_What you are asked to do_.
The expected result is an exact copy of the lines from the one holding "Lampada a sospensione" to the last line of the material, with pictures removed and nothing added.

:: Study material ::

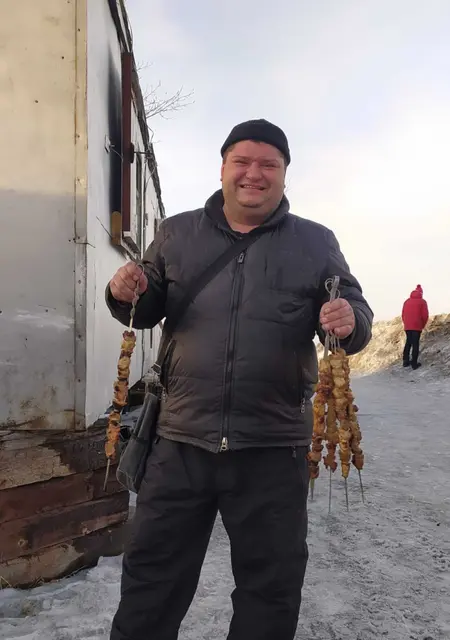 Я Евгений, 43, из Темиртау, ищу знакомство для приятного времяпровождения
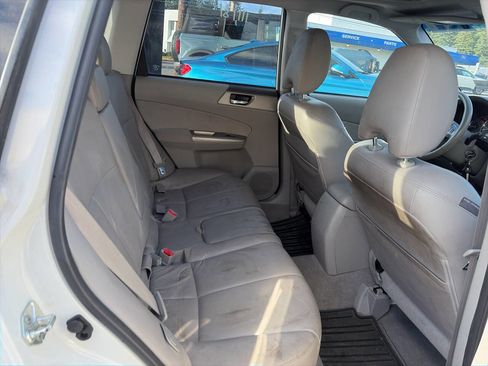 Used 2010 Subaru Forester 2.5XT Limited image 11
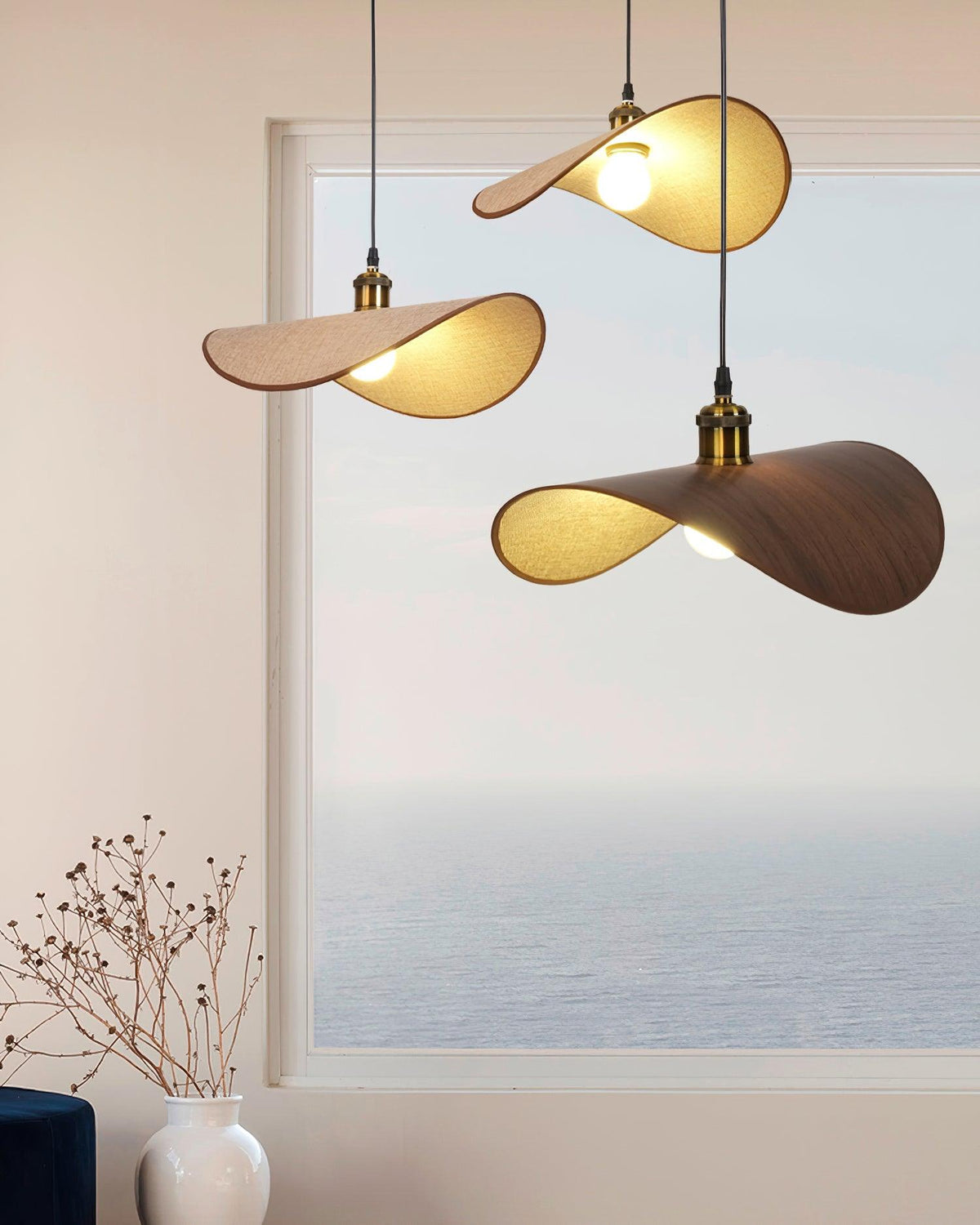 Lampada a sospensione in tessuto di lino - base in legno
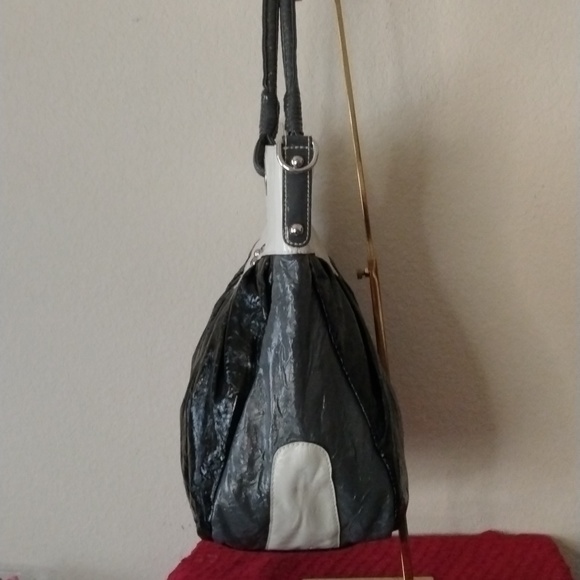 Guess color block tote - Picture 4 of 9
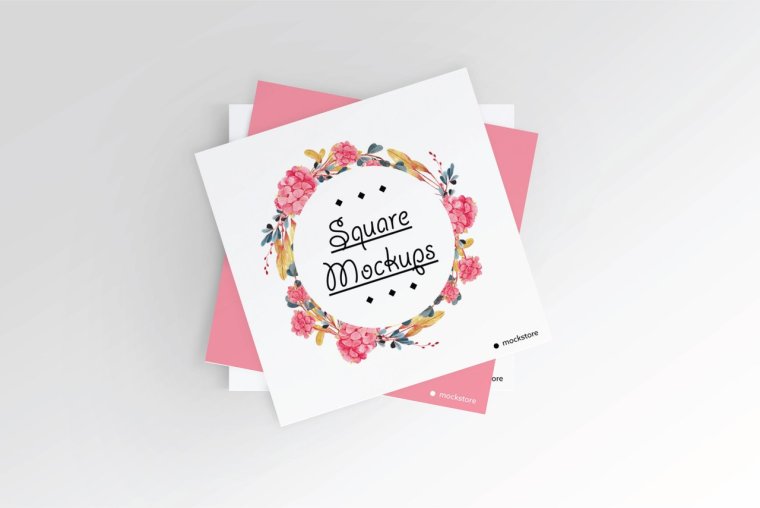 Мокап открытки вертикальной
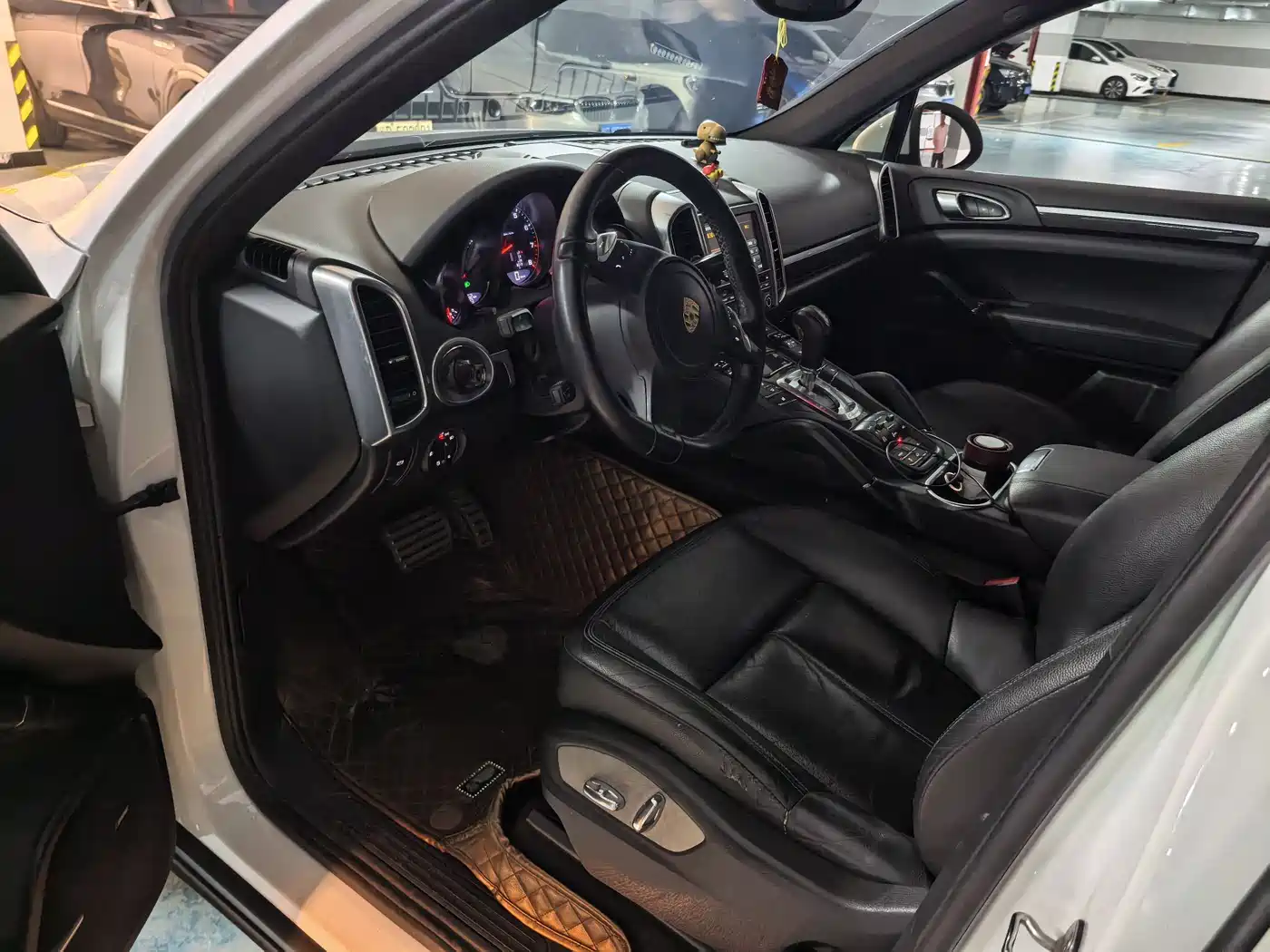 Porsche Cayenne 2011 Cayenne 3.0T фото 4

:::

_Your response_.
 Lampada a sospensione in tessuto di lino - base in legno
 Guess color block tote - Picture 4 of 9
 Мокап открытки вертикальной
 Porsche Cayenne 2011 Cayenne 3.0T фото 4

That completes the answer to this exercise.